#### PROMPT
Exactly transcribe the span of lines from the one containing "Estael Cipriano - Lisboa" through the final line of the entries, inclusive, and nothing outside it. Exclude the pictures.

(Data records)
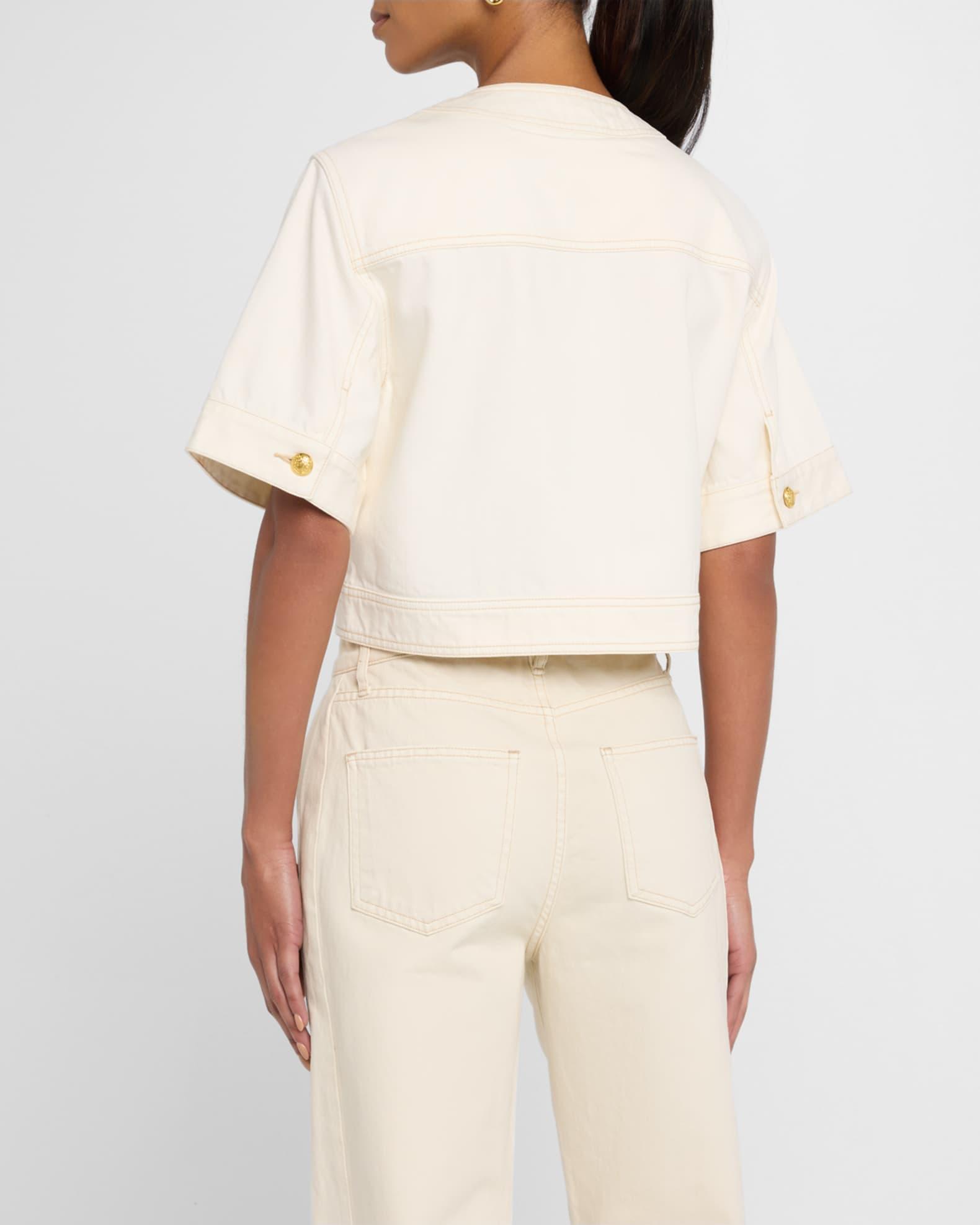 Elias Short-Sleeve Denim Jacket Product Image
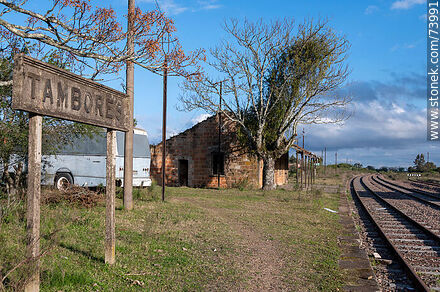 Estación de trenes de Tambores - Departamento de Paysandú - URUGUAY. Foto No. 73991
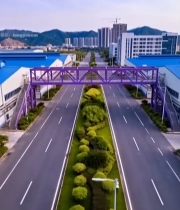  工业区道路及天桥俯瞰景象1956#竖屏 	 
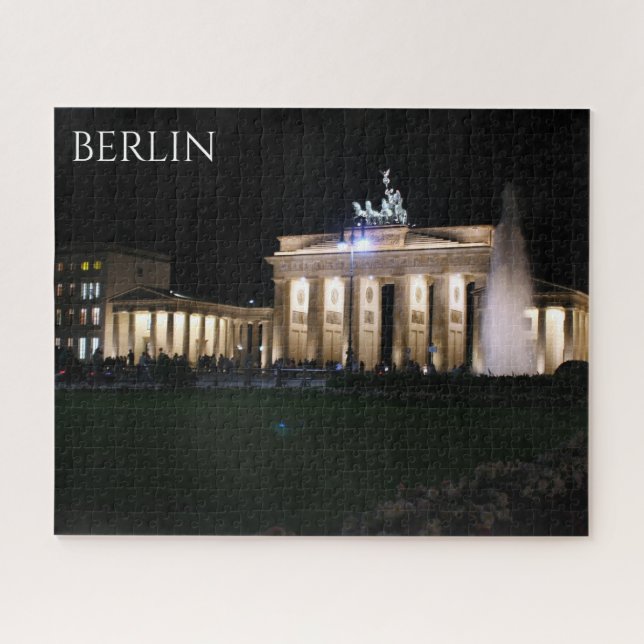 brandenburg gate berlin jigsaw puzzle (Horizontal)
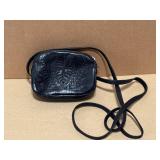 Texian Leather Black Embossed Leather Mini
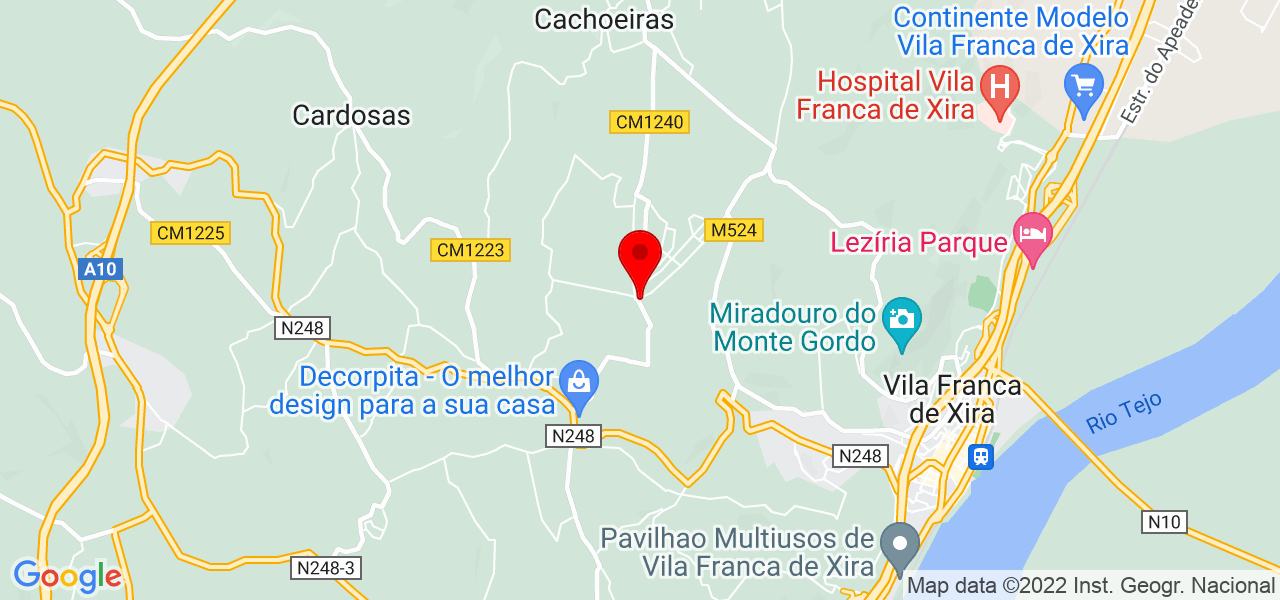 Estael Cipriano - Lisboa - Vila Franca de Xira - Mapa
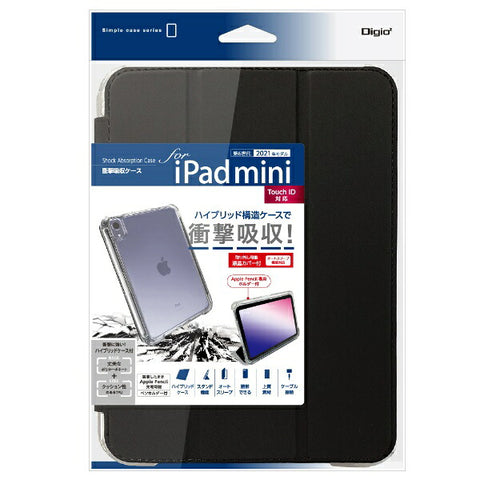 iPad Mini (6 세대) TBC-IPM2102BK 용 Nakabayashi Shock Case Black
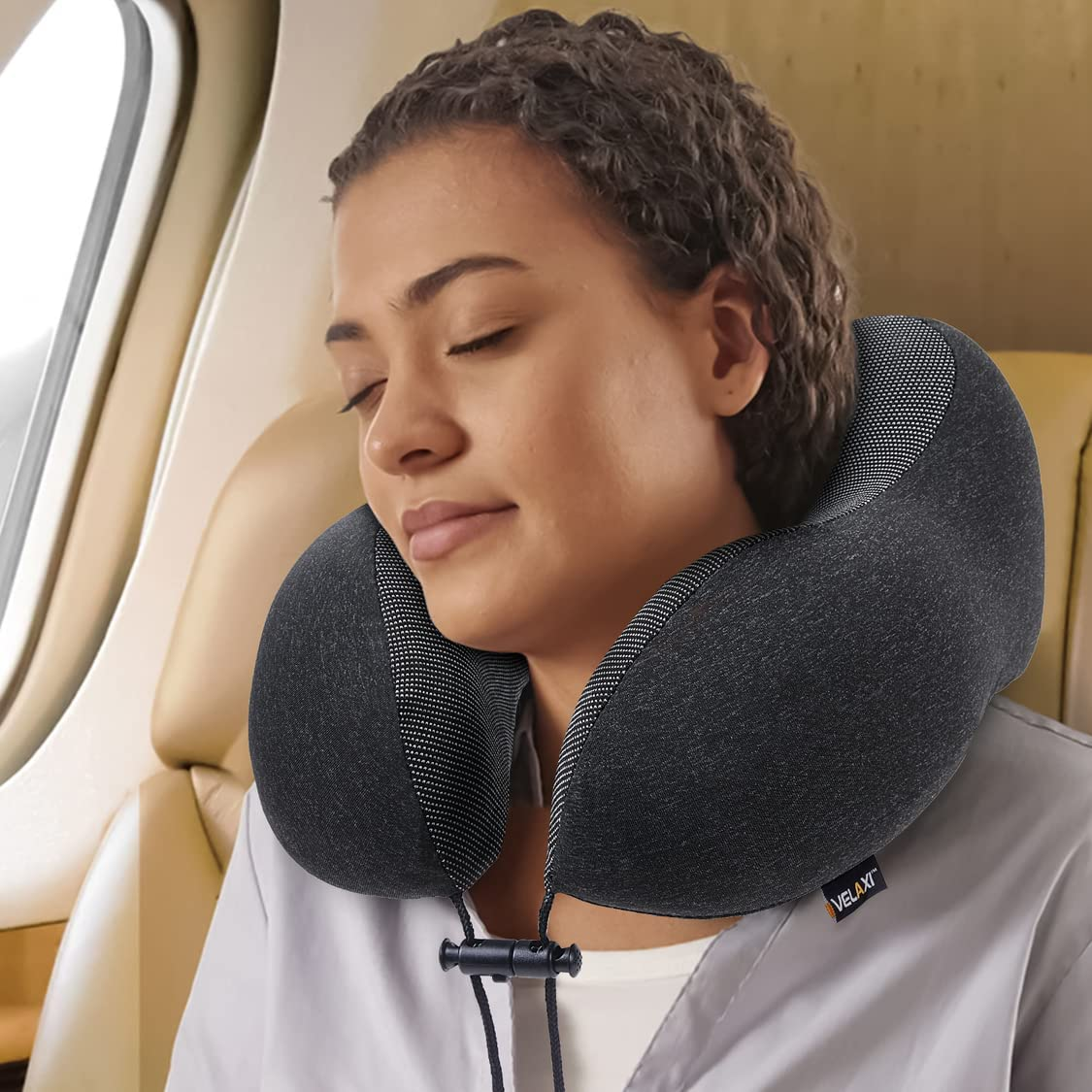 Neck Pillow Travel Pillow Set with Eye Mask, Earplugs Comfortable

#### RESPONSE TO THE EXERCISE
 Estael Cipriano - Lisboa - Vila Franca de Xira - Mapa
 iPad Mini (6 세대) TBC-IPM2102BK 용 Nakabayashi Shock Case Black
 Neck Pillow Travel Pillow Set with Eye Mask, Earplugs Comfortable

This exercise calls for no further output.